Lin Erica V, Arce Betania, Alvarez-Arango Santiago, Dispenza Melanie C
Department of Medicine, Division of Allergy and Clinical Immunology, Johns Hopkins University School of Medicine, Baltimore, Md.
Departments of Medicine and Pediatrics, Division of Allergy and Immunology, University of Texas Southwestern Medical Center, Dallas, Tex.
J Allergy Clin Immunol. 2025 Jun 16. doi: 10.1016/j.jaci.2025.05.030.
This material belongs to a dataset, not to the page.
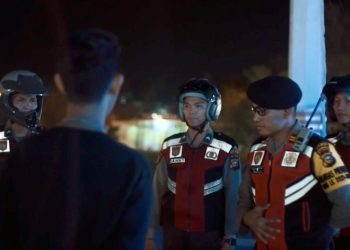 Ciptakan Situasi Aman Dan Kondusif Selama Pilkada Kasatgas Preventif Iptu Alfajri Pimpin Patroli Blue Light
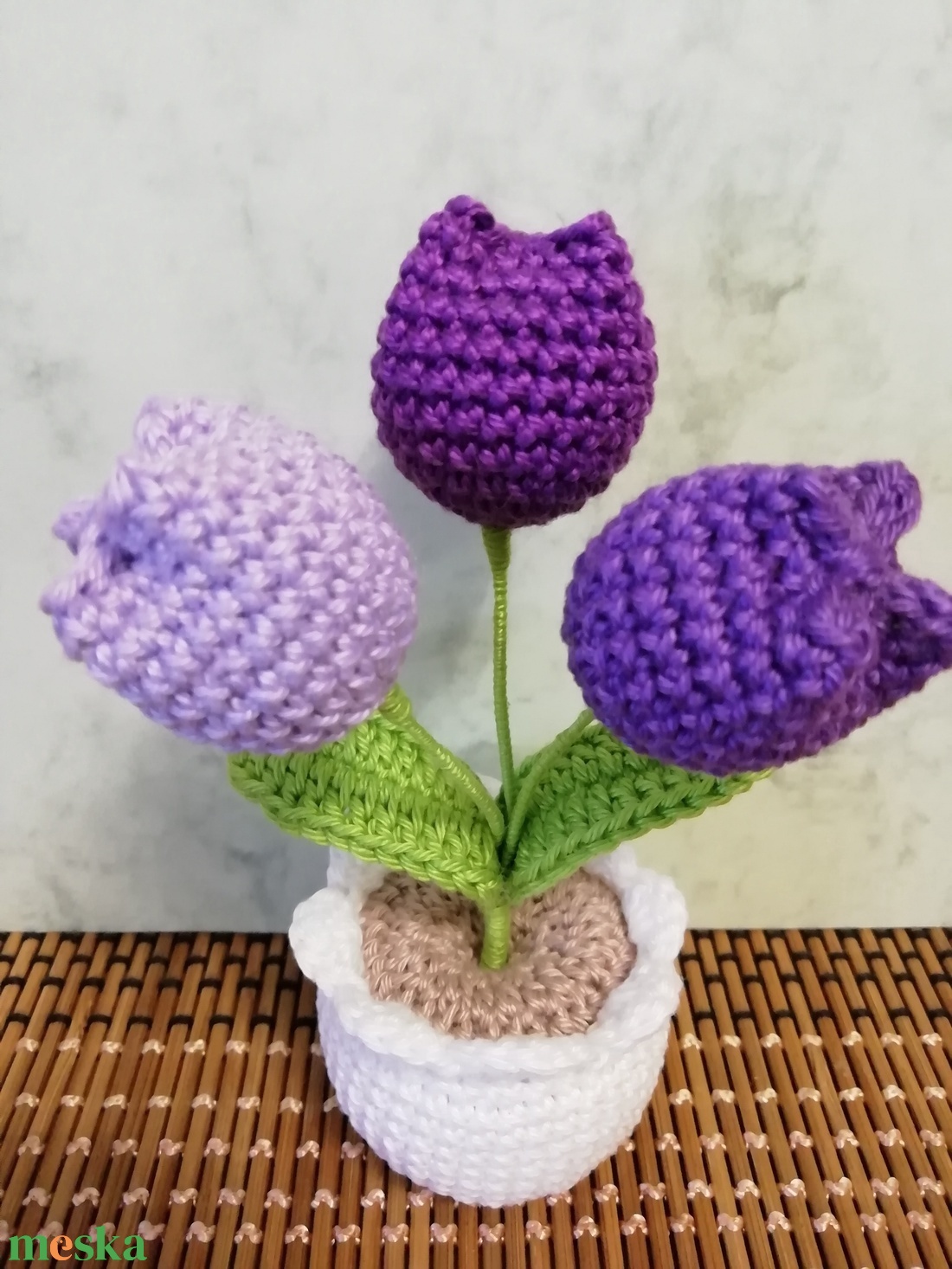 Horgolt tulipáncsokor kaspóban - otthon & életmód - virágdekoráció - virágdíszek - virágdísz kaspóban - Meska.hu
As an essential component of the FcεRI pathway, Bruton tyrosine kinase (BTK) has become a target for treating allergic diseases. Several proof-of-concept studies using early-generation compounds such as ibrutinib and acalabrutinib demonstrated the ability of short courses of BTK inhibitors (BTKis) to reduce skin test responses to allergens, suppress basophil activation responses, and even completely prevent reactivity to allergenic food ingestion in humans. While early-generation BTKis do not have acceptable adverse effect profiles for chronic administration for nononcologic indications, newer compounds in development have higher selectivity for BTK and fewer adverse effects. In particular, remibrutinib has demonstrated remarkable efficacy and safety with chronic administration for chronic spontaneous urticaria and is poised to become the first BTKi approved in the United States for use in the allergy space. This review summarizes work using BTKis to treat allergic disorders, emphasizing safety and practical considerations for clinicians.
作为FcεRI途径的重要组成部分,布鲁顿酪氨酸激酶(BTK)已成为治疗过敏性疾病的靶点。几项使用第一代化合物(如伊布替尼和阿卡替尼)的概念验证研究表明,短期使用BTK抑制剂(BTKis)能够降低皮肤对过敏原的测试反应,抑制嗜碱性粒细胞激活反应,甚至完全预防人类对过敏性食物摄入的反应。虽然第一代BTKis对于非肿瘤适应症的长期给药没有可接受的不良反应谱,但正在研发的新型化合物对BTK具有更高的选择性和更少的不良反应。特别是,瑞布替尼在慢性自发性荨麻疹的长期给药中已显示出显著的疗效和安全性,有望成为美国首个获批用于过敏领域的BTKi。本综述总结了使用BTKis治疗过敏性疾病的研究工作,重点强调了临床医生在安全性和实际应用方面的考虑因素。